Francis Guy was an English-born American Colonial Era painter. Mostly remembered for his topographic views of Brooklyn, Guy is today highly regarded as one of America's earliest and most important landscape artists.
Guy participated in the family business as a London silk dyer before he moved to the United States in September 1795, where he intended to continue his career. He lived briefly in New York and Philadelphia and by 1798 had settled in Baltimore. After a fire destroyed his business in 1799 in Baltimore, Guy decided to devote himself to painting. Although he had no formal art education, Guy was able to learn by himself, with the help of patrons like Robert Gilmor. Robert Gilmor was one of Baltimore’s noted early art collectors, who allowed Guy to copy his pictures.
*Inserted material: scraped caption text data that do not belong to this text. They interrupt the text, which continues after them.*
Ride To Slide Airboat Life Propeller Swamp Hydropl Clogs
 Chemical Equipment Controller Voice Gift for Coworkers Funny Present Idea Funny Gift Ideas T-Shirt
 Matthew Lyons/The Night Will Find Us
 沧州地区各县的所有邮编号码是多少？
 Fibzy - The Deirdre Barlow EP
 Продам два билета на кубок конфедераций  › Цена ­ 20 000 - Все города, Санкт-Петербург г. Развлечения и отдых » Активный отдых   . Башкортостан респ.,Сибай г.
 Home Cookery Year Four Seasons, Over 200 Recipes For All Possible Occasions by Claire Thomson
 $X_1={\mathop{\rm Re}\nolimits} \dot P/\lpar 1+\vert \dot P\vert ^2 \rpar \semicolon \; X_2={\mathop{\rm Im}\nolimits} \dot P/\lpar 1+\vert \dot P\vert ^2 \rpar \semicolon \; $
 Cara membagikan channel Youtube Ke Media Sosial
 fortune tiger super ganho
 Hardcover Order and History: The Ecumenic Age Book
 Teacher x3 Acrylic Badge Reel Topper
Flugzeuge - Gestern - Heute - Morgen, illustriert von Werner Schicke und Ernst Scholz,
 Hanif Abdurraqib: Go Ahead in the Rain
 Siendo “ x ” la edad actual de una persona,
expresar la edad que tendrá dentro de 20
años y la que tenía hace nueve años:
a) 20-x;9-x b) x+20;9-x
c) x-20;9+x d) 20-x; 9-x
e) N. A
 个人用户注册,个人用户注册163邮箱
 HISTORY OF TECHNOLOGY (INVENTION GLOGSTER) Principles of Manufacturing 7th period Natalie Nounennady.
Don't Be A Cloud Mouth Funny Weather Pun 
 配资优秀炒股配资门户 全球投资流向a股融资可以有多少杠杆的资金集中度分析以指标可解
In Baltimore, Guy worked with wealthy clientele creating landscapes of country estates and later he became known for depicting the everyday activities of Baltimore's citizenry. Guy then moved to Brooklyn in 1817, where he stayed until his death in 1820.
The type of landscape paintings Guy produced was relatively new to American art. Indeed, during the colonial period American artists usually depicted idealized subjects chosen from European artistic models rather than painting from nature. Guy died before the completion of the very ambitious exhibition he had planned at the Shakespeare Club in Brooklyn in 1820.